Retype the listing below line for line, but only from the line with "Продаю смартфон tecno" down to the line with "Mực nước sông", inclusive. Pictures stay out.

Raw data Start Marker

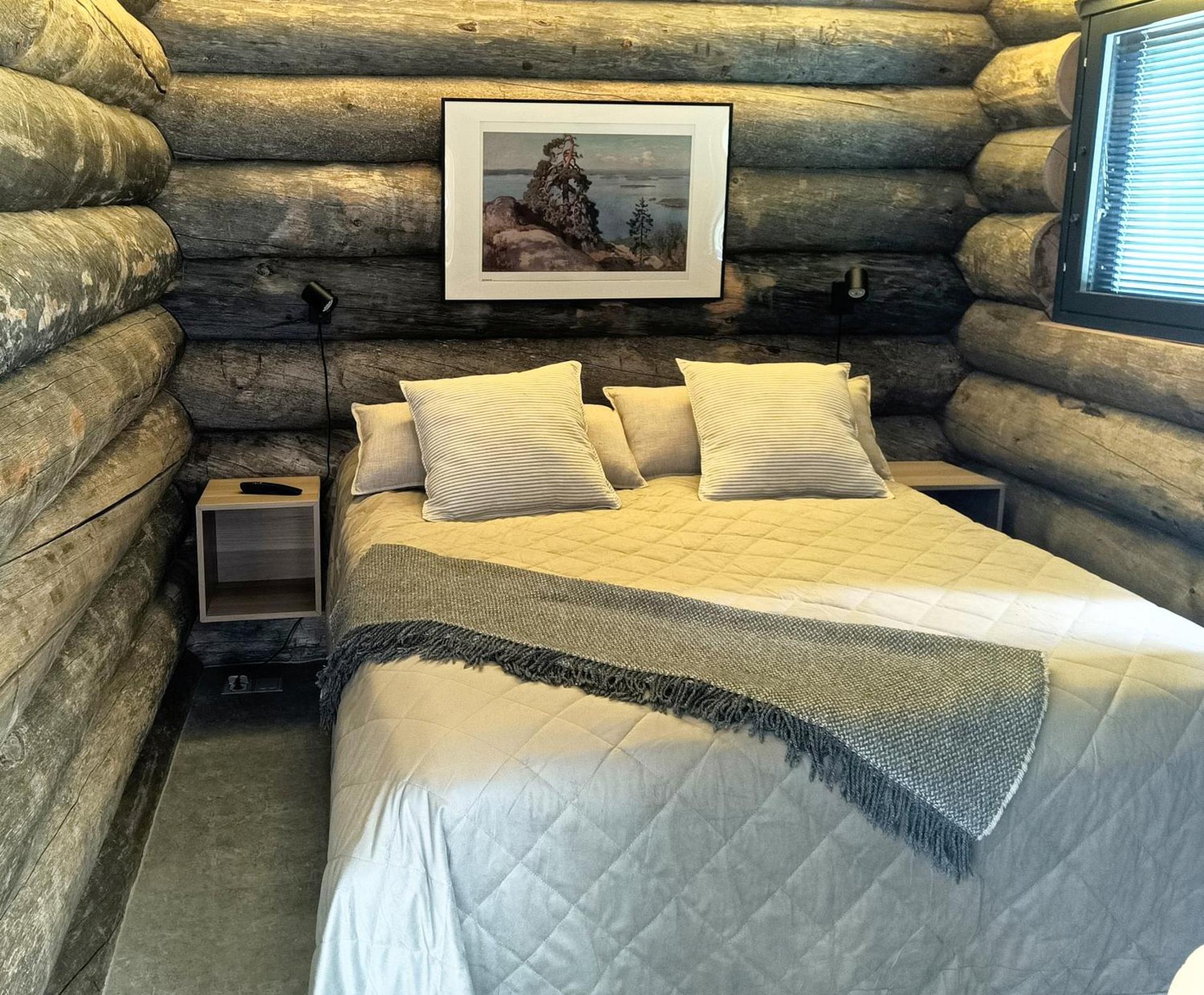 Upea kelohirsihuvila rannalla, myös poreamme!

Raw data End Marker
Raw data Start Marker

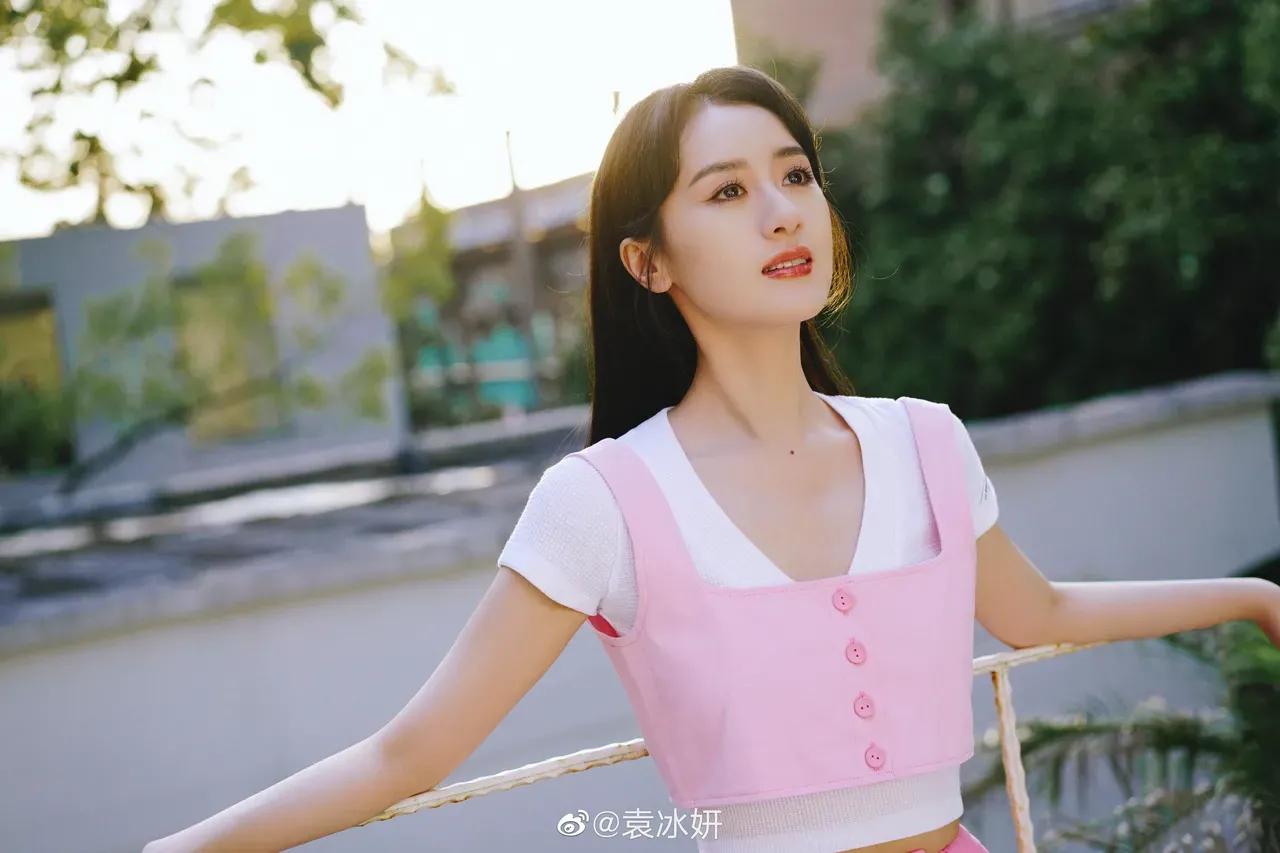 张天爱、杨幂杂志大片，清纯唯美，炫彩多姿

Raw data End Marker
Raw data Start Marker

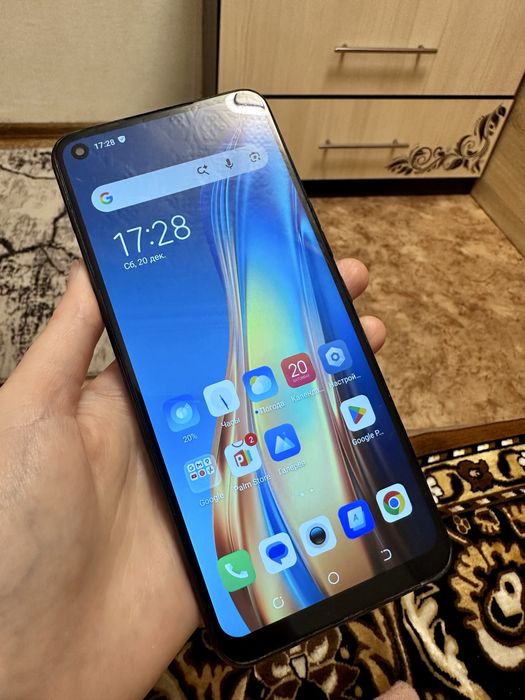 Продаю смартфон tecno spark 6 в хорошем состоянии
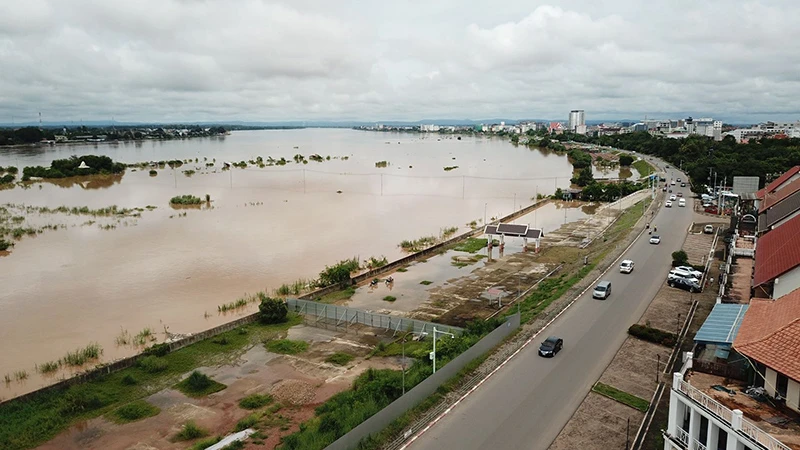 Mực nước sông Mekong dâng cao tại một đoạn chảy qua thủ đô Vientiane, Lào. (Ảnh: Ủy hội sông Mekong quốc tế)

Raw data End Marker

Expected answer —
 Продаю смартфон tecno spark 6 в хорошем состоянии
 Mực nước sông Mekong dâng cao tại một đoạn chảy qua thủ đô Vientiane, Lào. (Ảnh: Ủy hội sông Mekong quốc tế)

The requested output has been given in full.